Aujourd’hui conseillère en gestion de ressources humaines à l’Institut national de la santé publique du Québec (INSPQ), Mme Herran peut faire de son expérience un levier afin de sensibiliser les gestionnaires aux enjeux particuliers des travailleurs issus de l’immigration.
Faire de l’expérience une opportunité
Après être passée par l’étape de francisation, Maria-Cristina Herran reprend des études en administration des affaires. En parallèle, elle fait un stage à la ville de Québec et tente de développer son réseau. « Je savais déjà que c’était très important pour se faire connaître, pour savoir comment se passe le marché de l’emploi », se souvient-elle.
En 2006, alors qu’elle n’est pas encore diplômée, une entreprise pionnière dans le recrutement de travailleurs issus de l’immigration l’embauche comme coordonnatrice du programme d’intégration. « Ça m’a créé un penchant pour les ressources humaines », affirme Mme Herran, dont le goût pour le recrutement, la formation et l’accompagnement de gestionnaires, notamment dans l’intégration des travailleurs issus de l’immigration, la suivra jusqu’à son poste actuel.
Spécificités du secteur public québécois
« Le secteur public est fortement convoité par nous, les immigrants », affirme Mme Herran, qui explique que « dans certains pays, quand on parle d’un emploi stable et de sécurité, c’est avec le secteur public ».
Si le secteur public québécois offre aussi certains avantages pour ses travailleurs, il présente aussi « ses propres spécificités et ses propres contraintes », souligne Mme Herran, avec lesquelles il est impératif de se familiariser, selon elle.
Un travailleur de la santé publique doit, par exemple, comprendre le rôle des ordres professionnels, différencier ce qui relève directement du ministère de la Santé et des Services sociaux des compétences propres aux organismes parapublics.
La conseillère en gestion de ressources humaines explique également que les processus d’embauche ne relèvent pas forcément du service qui recrute, mais peut être généralisé, une pratique qui peut déstabiliser certains demandeurs qui viennent d’arriver au pays et qui ne sont pas familiers avec le fonctionnement du secteur public au Québec.

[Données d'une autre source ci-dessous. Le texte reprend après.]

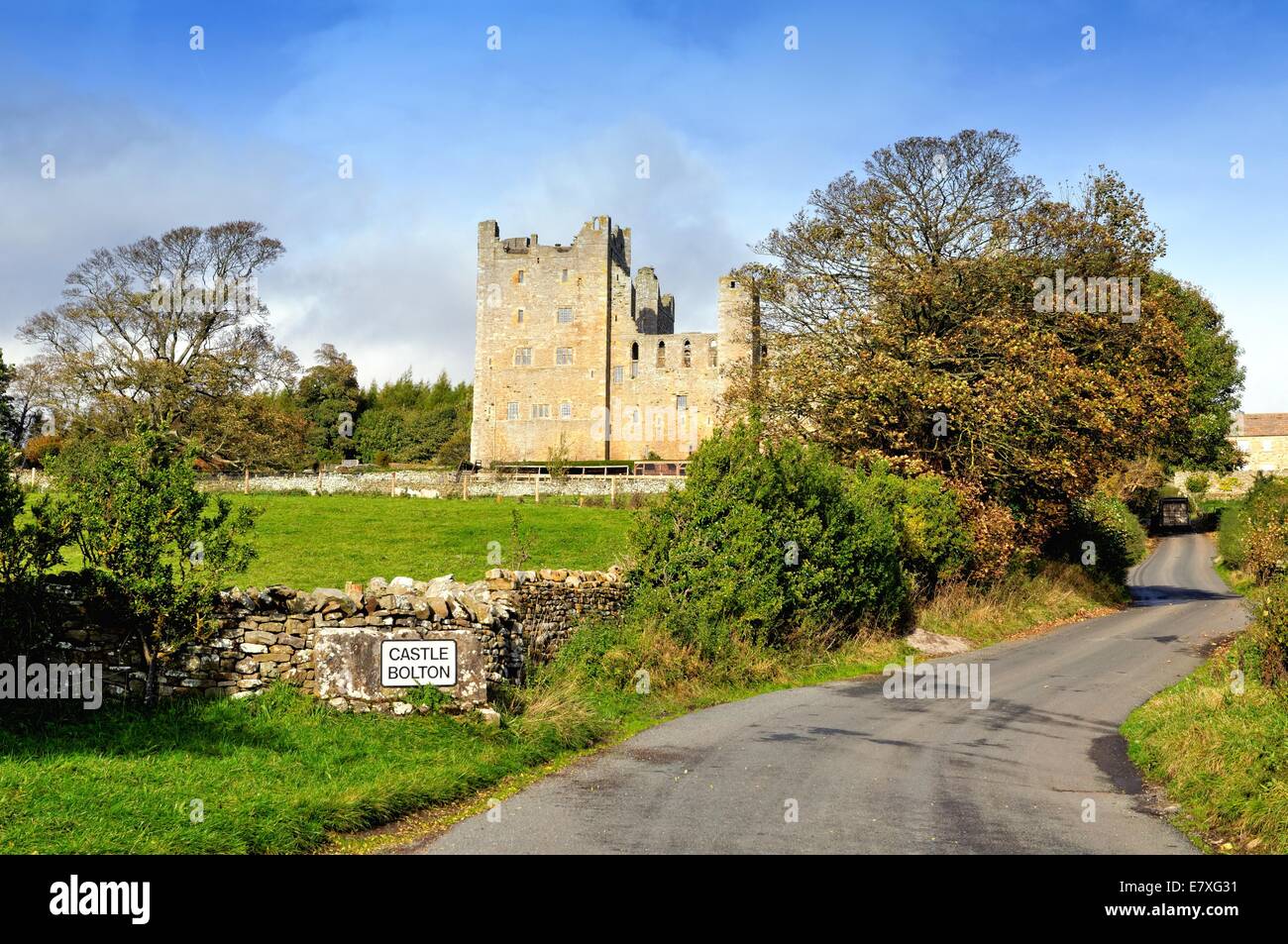 Château Bolton dans Wensleydale Yorkshire UK Banque D'Images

L’INSPQ, par exemple, détient le statut d’organisme parapublic et « dispose d’un processus de recrutement indépendant à celui qu’on peut connaître dans les ministères », souligne Maria-Cristina Herran.
Un dialogue essentiel
L’effort d’adaptation doit aussi se faire à l’interne, croit Mme Herran, qui juge « important de déployer des efforts de communication envers ses employés nouvellement arrivés ou [qui en sont à leur] première expérience de travail au Québec ». Elle estime que les gestionnaires doivent être en mesure d’informer leurs équipes sur les habitudes de la compagnie, tout autant que sur « quoi faire ou prévoir un jour de tempête ».
« [Il ne faut] pas oublier [d’] impliquer les équipes sur place afin que les futurs employés se sentent bien accueillis par ses supérieurs, mais également par ses pairs », conseille-t-elle, suggérant la pratique du parrainage.
Un comité égalité, diversité et inclusion (EDI) a été mis sur pieds en janvier 2022 et « devra proposer et mettre en œuvre un plan d’action afin de contribuer à faire de l’Institut [national de la santé publique] un milieu qui promeut et soutient la diversité, l’inclusion et l’accès équitable à l’emploi, dans le respect de ses obligations morales et légales » comme la Loi sur l’accès à l’égalité en emploi, explique Maria-Cristina Herran. En 2021, les personnes considérées comme appartenant aux minorités visibles constituaient 12 % des membres de l’Institut national de la santé publique.
Si elle a un conseil a donné aux gestionnaires, c’est de « s’assurer de créer un environnement de travail sain et rassurant afin de contrer les préjugés qui peuvent exister ou apparaître, et, finalement maintenir un dialogue constant avec ses nouveaux employés ». Un dialogue auquel Maria-Cristina Herran continuera sans doute de contribuer.